La absoluta modernidad de Guttero, materializada en asombrosas reinterpretaciones de temas “anticuados” en su época, resulta una posible clave del auge que tiene este artista desde los últimos quince años. Hoy lo religioso y lo místico están de moda, pero en 1930 suponían el riesgo de ser tildado de antimoderno. Nadie como él para patear el tablero.
Con aspectos del expresionismo alemán y del arte de propaganda comunista, despliegan su tragedia los grabados de Hebequer y Bellocq: arte político, social, denunciador de injusticias y desigualdades, entronca con su pesimismo y la oscuridad de la atmósfera, con ciertos aspectos de Dix y Grosz antes de la Nueva Objetividad. Pero con la severidad blanca y negra de la xilografía y el aguafuerte.
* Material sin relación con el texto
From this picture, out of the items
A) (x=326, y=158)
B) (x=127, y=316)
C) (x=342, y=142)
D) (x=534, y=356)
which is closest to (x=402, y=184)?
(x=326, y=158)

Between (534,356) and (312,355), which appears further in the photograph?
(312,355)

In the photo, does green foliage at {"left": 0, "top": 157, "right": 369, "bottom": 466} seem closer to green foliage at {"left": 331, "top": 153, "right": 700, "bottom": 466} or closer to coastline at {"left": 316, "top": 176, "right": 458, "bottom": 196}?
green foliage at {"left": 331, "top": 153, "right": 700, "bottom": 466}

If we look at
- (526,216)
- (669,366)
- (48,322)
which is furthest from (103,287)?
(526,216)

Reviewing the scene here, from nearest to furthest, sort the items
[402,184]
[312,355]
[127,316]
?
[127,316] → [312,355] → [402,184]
Enfrente, la Señorita con abanico verde de Pettorutti nos seduce con el prestigio de su antigua modernidad. Más allá de la solidez que nos regala la imagen, de su preciosidad esencial, de la geometría limpia y cautivante, el peso simbólico de este artista y su lugar fundacional en el arte argentino, le otorgan talla mítica y aura de santidad. A ver si el arte en sí no es en buena medida eso: capas de significado y plusvalía adosados desde lo fenomenológico, los lugares apropiados, la anécdota del artista.
Un Del Prete rosa, hermosamente matérico y tardío juega a la abstracción lírica con ecos de Kandinsky, mientras que más allá los madíes y perceptistas trascienden el marco de la obra desintegrando el rectángulo en polígonos imposibles…
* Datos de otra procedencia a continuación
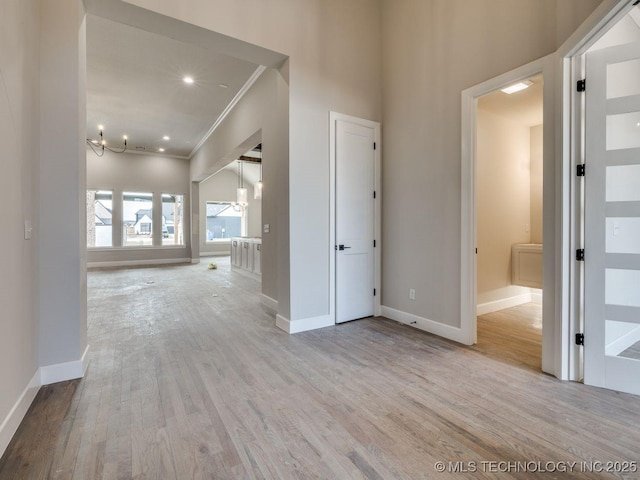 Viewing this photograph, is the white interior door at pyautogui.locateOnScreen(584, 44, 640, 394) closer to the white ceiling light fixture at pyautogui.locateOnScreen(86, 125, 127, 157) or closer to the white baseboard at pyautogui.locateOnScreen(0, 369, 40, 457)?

Acaso surja la pregunta de cómo el Museo Sívori (antiguamente Museo Municipal de la Ciudad de Buenos Aires) formó su valiosa colección. Caso que sí, aquí va la respuesta: a través de los llamados Premios Adquisición, otorgados por el Salón de Artes Plásticas Manuel Belgrano que - con otro nombre- desde 1933, viene premiando a los artistas locales, que deben donar la obra premiada al museo que lo organiza.
Empero, hay un punto que resulta tan llamativo que no puede desatenderse: en las disciplinas que premia el Sívori, encontramos pintura, escultura, dibujo, grabado y monocopia. ¿Dónde está entonces el innegable lugar que tienen hoy (un hoy de décadas) la fotografía, la instalación, el videoarte, el arte tecnológico?
Y es que no están. No en el Sívori. Y su ausencia –debidamente consultada- no resulta de una política retrógrada tomada volitivamente por la administración institucional, sino de desoídos reclamos por indiferencia, por lucha de egos personales, por cortedad de miras, por canibalismo entre disciplinas y temáticas.
También hay una lógica de base en la ausencia de nuevos lenguajes en el Salón Belgrano: el escuetísimo y anacrónico premio de 5 mil pesos, que resulta más insuficiente aún para un artista que trabaja con tecnología. La actualización del monto del premio es, también, otra plegaria desatendida.
A la vez, mientras que un colectivo de artistas jóvenes encabezado por Nahuel Vecino le proponen al Sívori trabajar sobre la resignificación de losmaestros del siglo XX argentino; otros piensan en licuar éste museo y sus ecos del pasado, cayendo en el desacierto de confundir síntesis con historicismo; y aplicando el tan argentino método de la sustitución, en lugar del de la sumatoria. Miedo de no ser suficientemente modernos.
Kill your idols.
El Museo de Artes Plásticas Eduardo Sívori está situado en la Av. Infanta Isabel 555 (frente al puente del Rosedal de Palermo), y su horario es de martes a viernes de 12 a 20 hs, y sábados, domingos y feriados de 10 a 20 hs. Mi más caro agradecimiento a Laura Quesada, del área de Prensa, por su gestión y profesionalismo.